The cruel, evil jerks who blew up the London subway last week, despite appropriating al-Qaeda's name for their website and T-shirts, have about as much to do with al-Qaeda as a Beatles tribute band has to do with the Fab Four.
For all the horror, hoopla and hair-pulling, this was no September 11. Timmy McVeigh slaughtered a heck of a lot more people in Oklahoma City with his cow-poop bomb.
I'm not belittling the heartbreaking hideousness of this crime, but let's get the facts straight. If al-Qaeda is the Panzer Division of terrorism, these London bombers were terrorism's Cub Scouts. We're talking a few pounds of nitro wired to a clock -- a design badly copied off the Internet.
A witness watched some Arabic-looking teenager nervously checking his bag on a bus which, London's un-hysterical police now believe, he accidentally triggered, blowing apart himself and a bunch of unlucky commuters.
Al-Qaeda this ain't. All the evidence is that this half-assed attack was the work of some poor young Muslim schmucks, possibly whipped into a frenzy by the mewling mullah of Finsbury Park, Omar Bakri Mohammed, a cleric who enjoyed the comfortable middle-class dullness of England during the week while on weekends preaching, "a 9/11, day after day after day" to punish his Western hosts.

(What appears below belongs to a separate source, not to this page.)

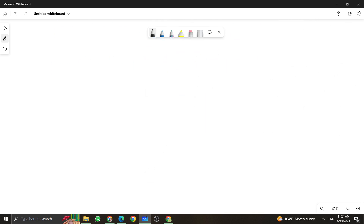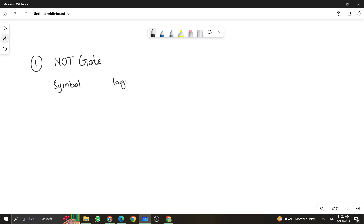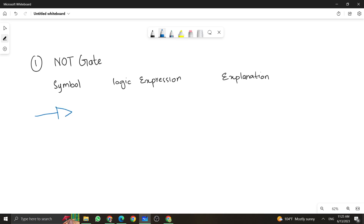The first one is your NOT gate. A NOT gate is the simple logic gate that we can use. Let me break this into its symbol, the logic expression you can use for NOT gate, and a little bit of explanation. The NOT gate has a symbol like this — it's a triangle and a circle in the front. There are two wires: one going inside and one going outside, meaning there will be only one input and one output for this NOT gate.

It's not al-Qaeda, but for George and Tony, it's good enough. Blair's Foreign Secretary dramatically dashed out to tell us that the explosions had the "hallmarks of al-Qaeda." Our Commander in Chief, looking as commanding as possible (no reading of kiddie stories this time), could not have been more satisfied.

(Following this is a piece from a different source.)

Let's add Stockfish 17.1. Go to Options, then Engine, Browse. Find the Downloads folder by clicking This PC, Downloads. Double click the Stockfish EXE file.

The "hallmarks of al-Qaeda"? That's not true and Blair knows it. And Bush knows it. And that's no little matter, my friends.
Because Blair and Bush are al-Qaeda junkies. They've sold us on everything from fingerprinting five-year olds to invading Baghdad to tolerating plummeting paychecks all on the slick line that we are under attack by a well-trained, well-armed, well-funded hidden army called al-Qaeda.

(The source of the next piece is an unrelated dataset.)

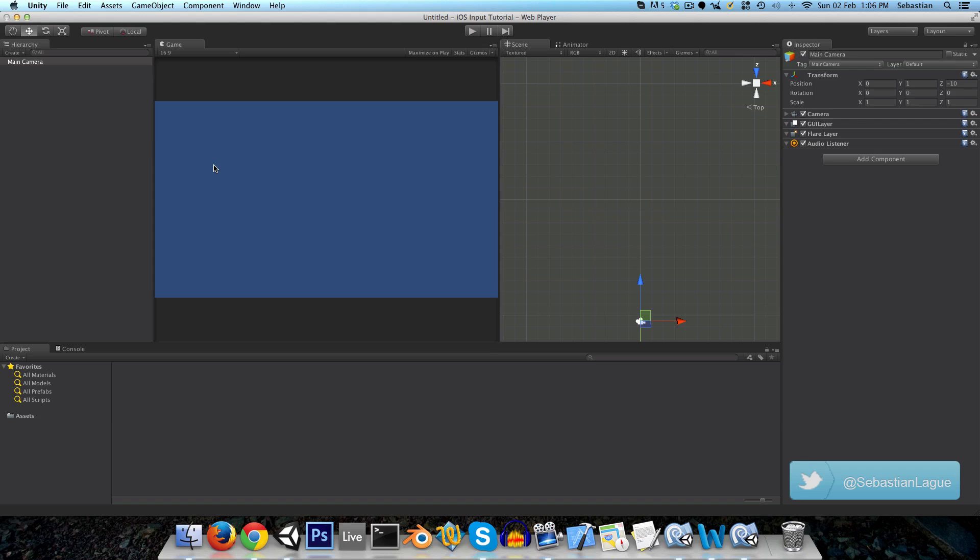Hi guys, I've been getting a lot of requests lately to do a tutorial on input for iOS devices, so I thought I would share my approach today.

But our War President and War Prime Minister are having a little problem with their war on terror. The enemy's gone AWOL. Except when we go LOOKING for trouble -- as in invading a Mesopotamian country -- trouble pretty much stopped looking for us.
Even September 11. Forgive me for pointing this out, but no matter how horrific, it was in the end the deed of a couple dozen fundamentalist fruitcakes with box-cutters hankering for a hot time with virgins in the next life who got "lucky."
Yes, unlike the London attack, the "luck" of the September 11 hijackers required the sick genius of monied operatives and a Washington administration that operated with eyes wide shut toward Saudi gangsterism.
But now al-Qaeda's luck's run out, not because Bush has us taking off our shoes in airports, but because, overwhelmingly, Muslims in this world really have no attraction to killing kids or commuters.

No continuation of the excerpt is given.